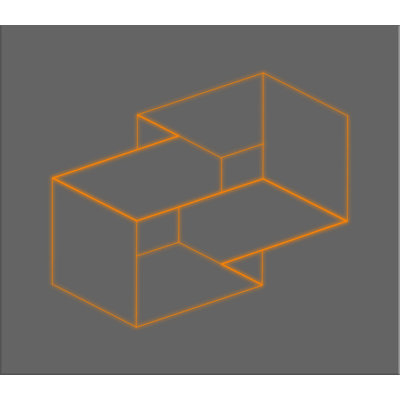Box Geometric Orange - Gray Print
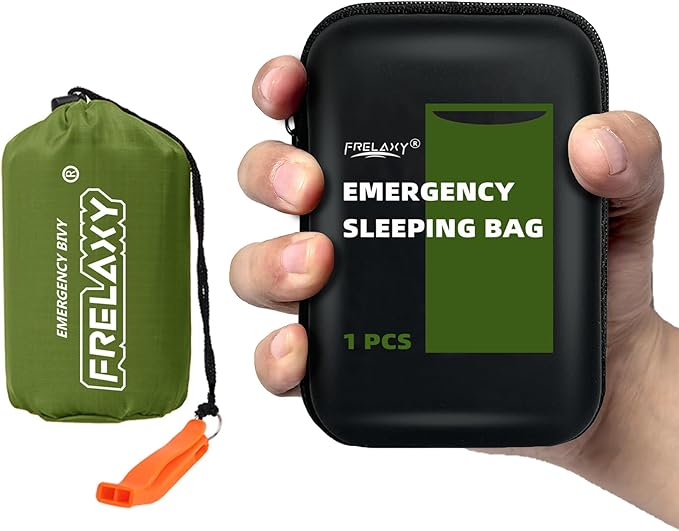 Frelaxy Emergency Sleeping Bag 1-Pack/2-Pack, Extra-Thick Compact Survival Bivy with Whistle, Storage Pouch, and EVA case, Perfect for Survival Kits (Army Green - 1 Pack)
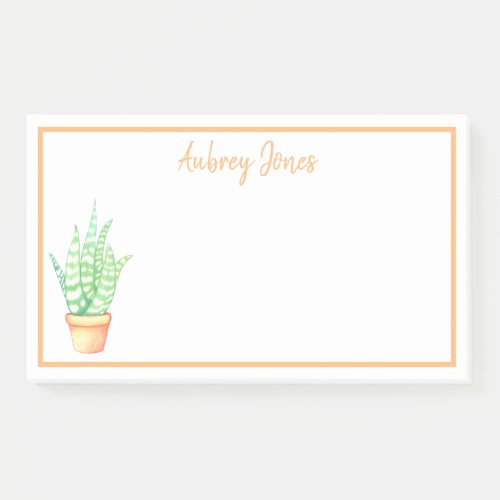 Cute Potted Snake Plant Succulent  Personalized Post_it Notes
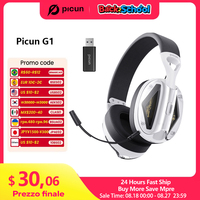 Picun G1 2.4GHz Gaming Wireless Headset 3D Surround Sound Spatial Audio ENC HD Mic Headphones for Gamer Lightweight PS5 PC Phone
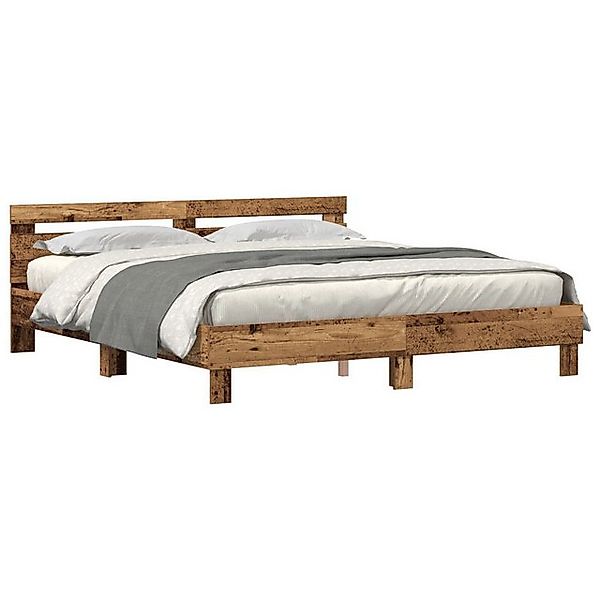 vidaXL Bett Kiefernholz Bettgestell Altes Holz Massives Kiefernholz (1-tlg) günstig online kaufen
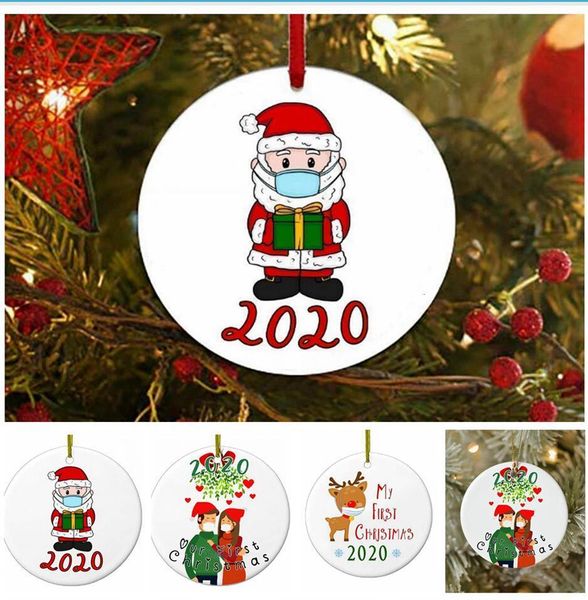 

6cm round christmas ornament elk santa claus family my first christmas xmas tree hanging pendant party decoration ljjp547g2gs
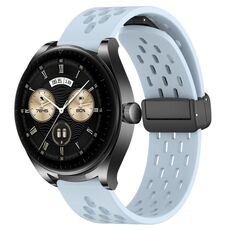 Per Huawei Watch Buds cinturino in silicone con chiusura magnetica pieghevole da 22 mm (azzurro)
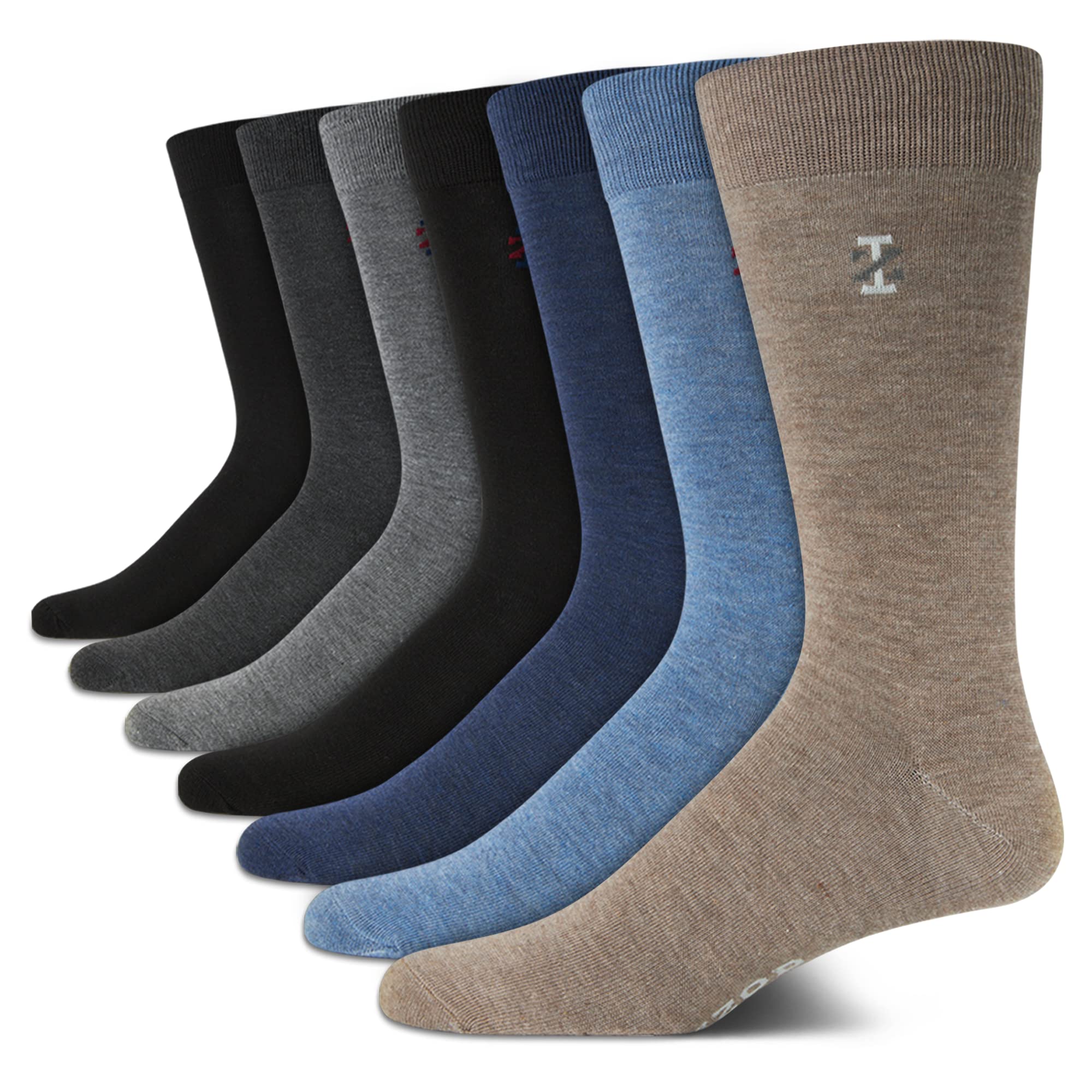 IZOD Mens Dress Socks - 7 Pack Lightweight Moisture Wicking Stay Up Cuffed Crew Socks for Men for
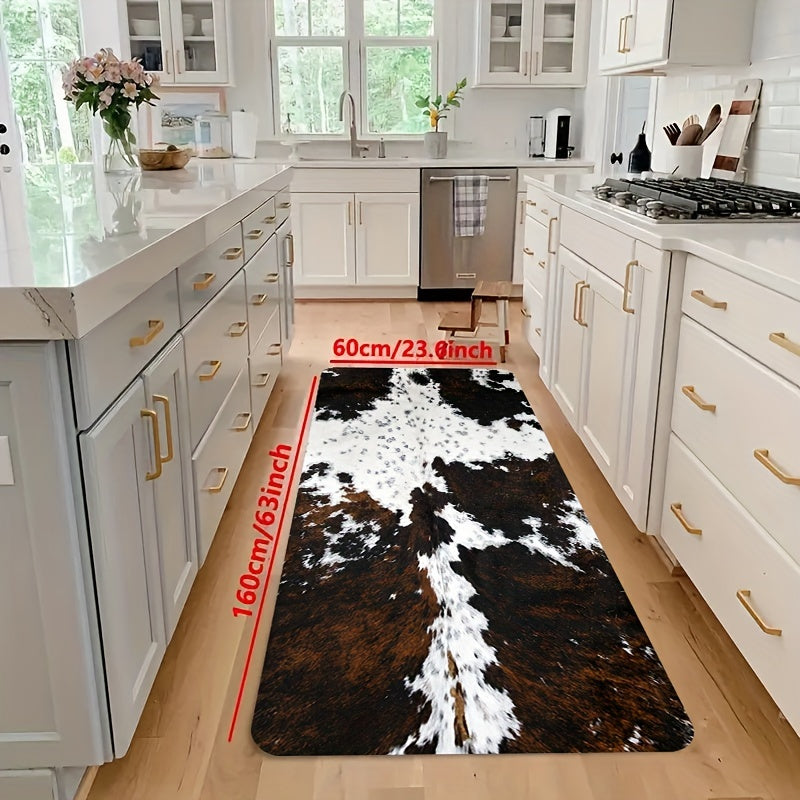 Cowhide Design Kitchen Mat: Keep your kitchen floor oil-proof with this durable and waterproof furniture throw carpet. This washable runner rug is perfect for spring decor and also makes a great gift for the corridor, laundry room, living room, bathroom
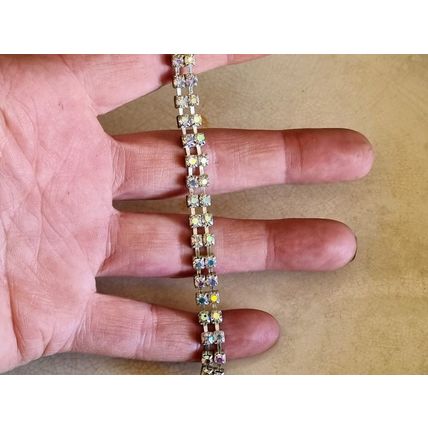 Vintage Rhinestone Bracelet, Slim Elegant Sparkly Jewellery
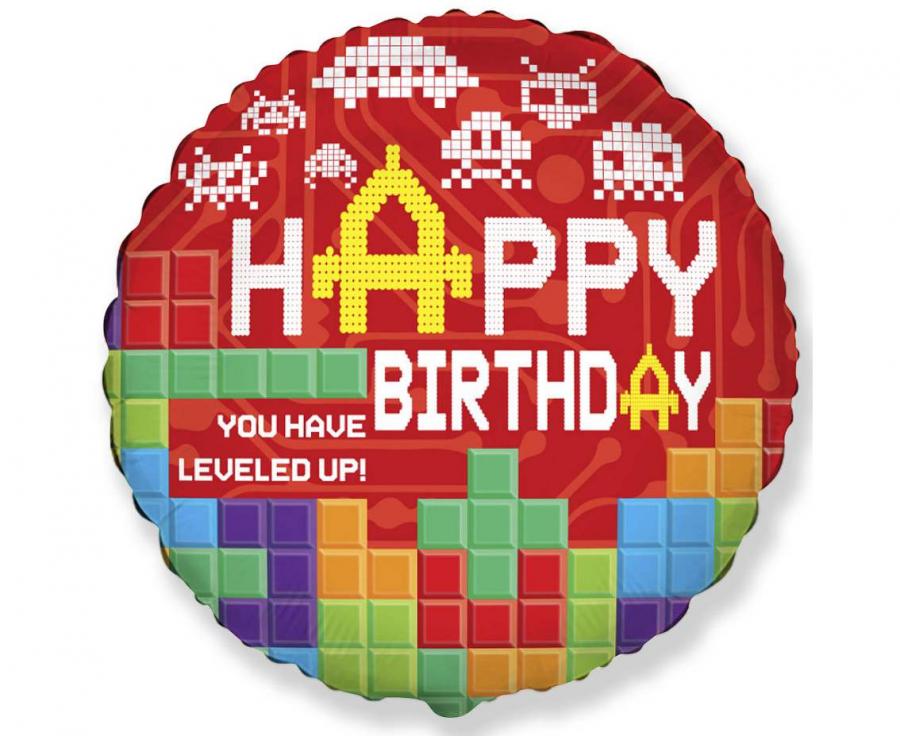 Balónek fóliový "Happy Birthday" Game 45 cm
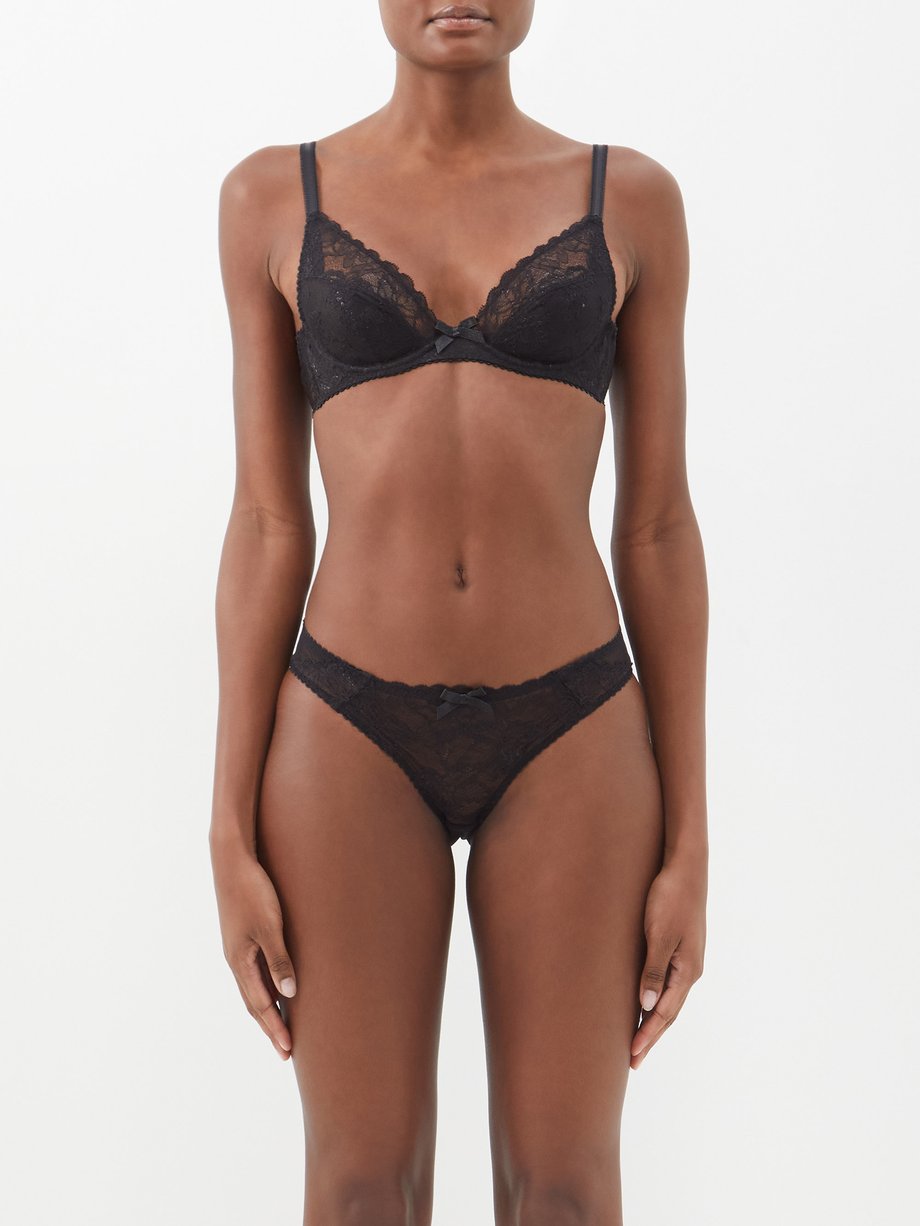 Agent Provocateur Leni embroidered-lace underwired plunge bra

•••••

Try it: Could you retype exactly the lines running from the one with "Cute Potted Snake" to the end of the material above, pictures omitted?

Your response:
 Cute Potted Snake Plant Succulent  Personalized Post_it Notes
 Picun G1 2.4GHz Gaming Wireless Headset 3D Surround Sound Spatial Audio ENC HD Mic Headphones for Gamer Lightweight PS5 PC Phone
 vidaXL Bett Kiefernholz Bettgestell Altes Holz Massives Kiefernholz (1-tlg) günstig online kaufen

6cm round christmas ornament elk santa claus family my first christmas xmas tree hanging pendant party decoration ljjp547g2gs
 Per Huawei Watch Buds cinturino in silicone con chiusura magnetica pieghevole da 22 mm (azzurro)
 IZOD Mens Dress Socks - 7 Pack Lightweight Moisture Wicking Stay Up Cuffed Crew Socks for Men for
 Cowhide Design Kitchen Mat: Keep your kitchen floor oil-proof with this durable and waterproof furniture throw carpet. This washable runner rug is perfect for spring decor and also makes a great gift for the corridor, laundry room, living room, bathroom
 Vintage Rhinestone Bracelet, Slim Elegant Sparkly Jewellery
 Balónek fóliový "Happy Birthday" Game 45 cm
 Agent Provocateur Leni embroidered-lace underwired plunge bra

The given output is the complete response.